- Directed by: Anant Narain Tripathi
- Written by: Anant Narain Tripathi
- Produced by: Siddhartha Sharma
- Starring: Atul Srivastava Neeraj Sood Apoorva Arora
- Cinematography: Shirish Desai
- Edited by: Rajesh Pandey
- Music by: Sadhu Tiwari
- Distributed by: Shemaroo Entertainment
- Release date: 7 February 2020;
- Country: India
- Language: Hindi

= Yahan Sabhi Gyani Hain =

Indian comedy drama film

Yahan Sabhi Gyani Hain is a 2020 Indian Hindi-language comedy-drama film directed by Anant Narain Tripathi and produced by Siddhartha Sharma under Ulterior Vision Productions. The film stars Atul Srivastava, Neeraj Sood, and Apoorva Arora. It was released on 7 February 2020, to mixed reviews and follows a superstitious family searching for hidden treasure.

== Plot summary ==
Pappu Tiwari (Atul Srivastava) sustains his family by selling off ancestral properties. Upon learning of a hidden treasure on his last remaining piece of land, he becomes determined to find it. Concurrently, his daughter Goldie (Apoorva Arora), a local news anchor, faces an arranged marriage to a politician's son, orchestrated by her parents in the belief that it will improve their fortunes.
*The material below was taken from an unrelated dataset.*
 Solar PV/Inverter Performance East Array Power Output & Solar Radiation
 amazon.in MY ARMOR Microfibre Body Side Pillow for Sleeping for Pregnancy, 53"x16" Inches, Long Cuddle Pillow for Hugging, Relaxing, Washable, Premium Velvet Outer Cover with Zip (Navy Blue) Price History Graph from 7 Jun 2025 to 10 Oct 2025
As the treasure hunt intensifies, Goldie challenges her parents' superstitions and decisions.

== Cast and characters ==

- Atul Srivastava as Pappu Tiwari
- Neeraj Sood as Laddu
- Apoorva Arora as Goldie Tiwari
- Meena Nathani as Manju
- Vineet Kumar as Kinni bhaiya MLA
- Aakash Pandey as Pandit
- Gulista Alija as Savita
- Rozy Dubey as Susma
- Manju Gupta as Dadi
- Aarav Mishra as Kunal
- Shashi Rajan as Rakess
- Ankita Rajpoot as Bhabhi
- Shashi Ranjan as Rakesh

== Reception ==
The film received mixed reviews. Pallabi Dey Purkayastha of The Times of India rated it 1.5 out of 5 stars, noting that "Yahan Sabhi Gyani Hai could have been a socially relevant satire as it had a good star cast to lean on, but the unplanned scripting has brought about its own downfall." Pooja Tiwari of Glamsham criticized the film for its disjointed narrative and lack of humor, stating "It could have been a solid social comment but here Anant Tripathi oversees the potential."

Film Information mentioned "Anant Narain Tripathi’s direction is terribly weak. Sadhu Tiwari’s music is ordinary. Rohit Sharma’s lyrics are commonplace. Background music (by Sadhu Tiwari and Nishant Salil) is dull. Shirish Desai’s camerawork is ordinary. Bhaskar Gupta’s sets are commonplace. Editing (Rajesh Pandey) leaves a lot to be desired."